§ Work instructions: The response should consist of every line below, restated exactly, with no pictures.

§ Data extract:
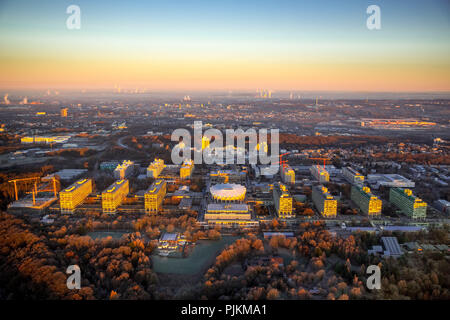 Sonnenaufgang an der RUB Ruhr-Universität Bochum, Bochum, Ruhrgebiet, Nordrhein-Westfalen, Deutschland Stockfoto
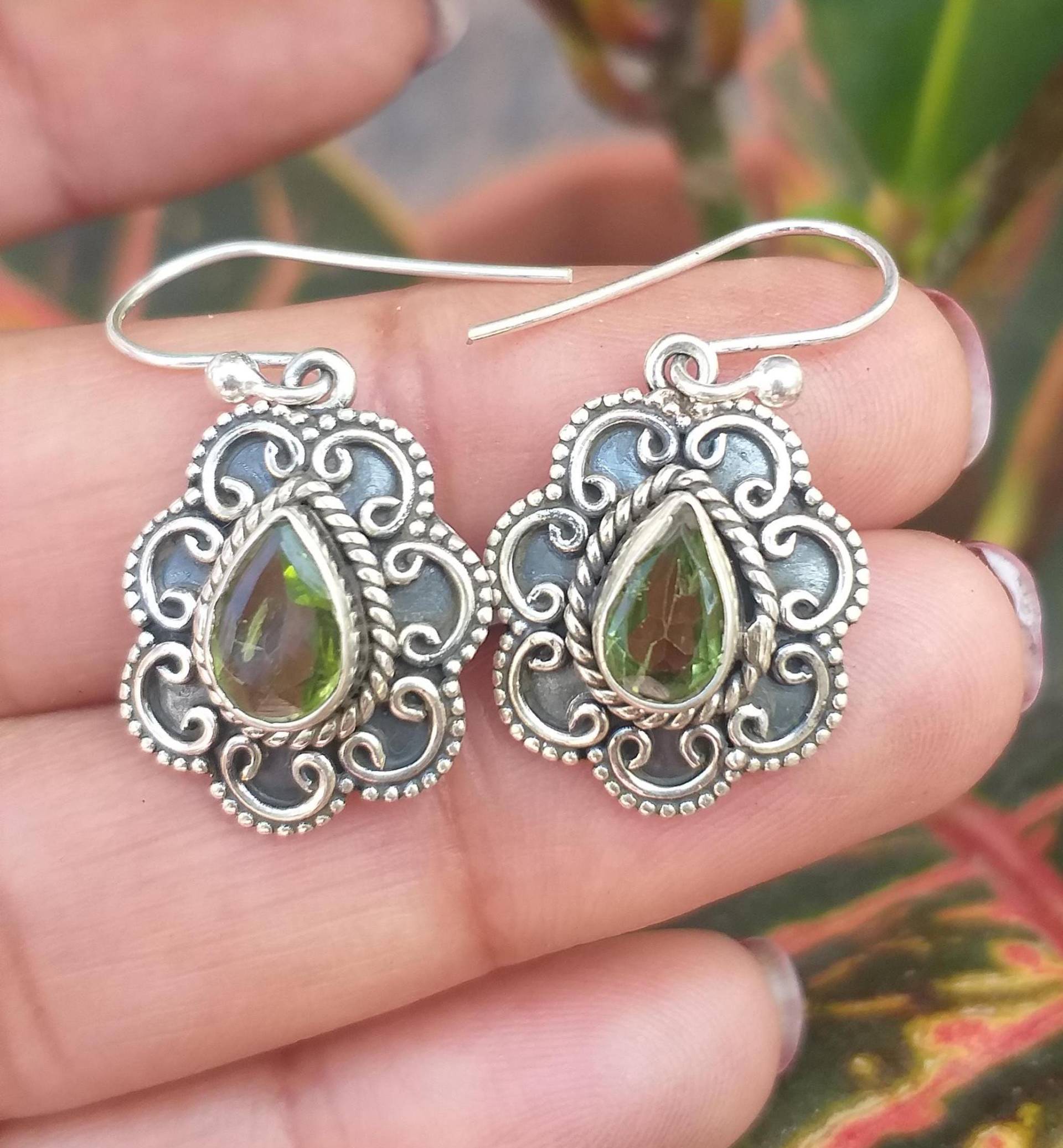 Peridot Sterling Silber Ohrringe August Birthstone Schmuck Peridot Sterling Silber Ohrringe August Birthstone Schmuck von Shivshankarbhole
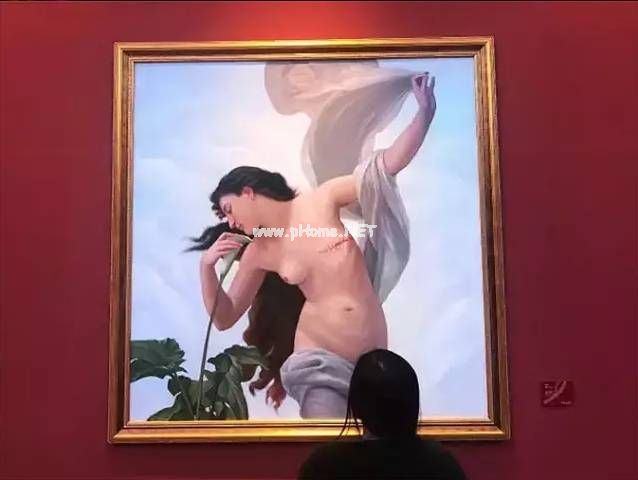 一场裸体女人的乳房展览，很开放！你敢看吗？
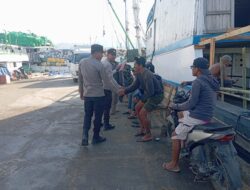 Patroli Rutin Polsek Kawasan Pelabuhan Laut Bima, Sampaikan Himbauan Kamtibmas dan Sosialisasi Layanan 110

§ Exercise output:
 Sonnenaufgang an der RUB Ruhr-Universität Bochum, Bochum, Ruhrgebiet, Nordrhein-Westfalen, Deutschland Stockfoto
 Peridot Sterling Silber Ohrringe August Birthstone Schmuck Peridot Sterling Silber Ohrringe August Birthstone Schmuck von Shivshankarbhole
 一场裸体女人的乳房展览，很开放！你敢看吗？
 Patroli Rutin Polsek Kawasan Pelabuhan Laut Bima, Sampaikan Himbauan Kamtibmas dan Sosialisasi Layanan 110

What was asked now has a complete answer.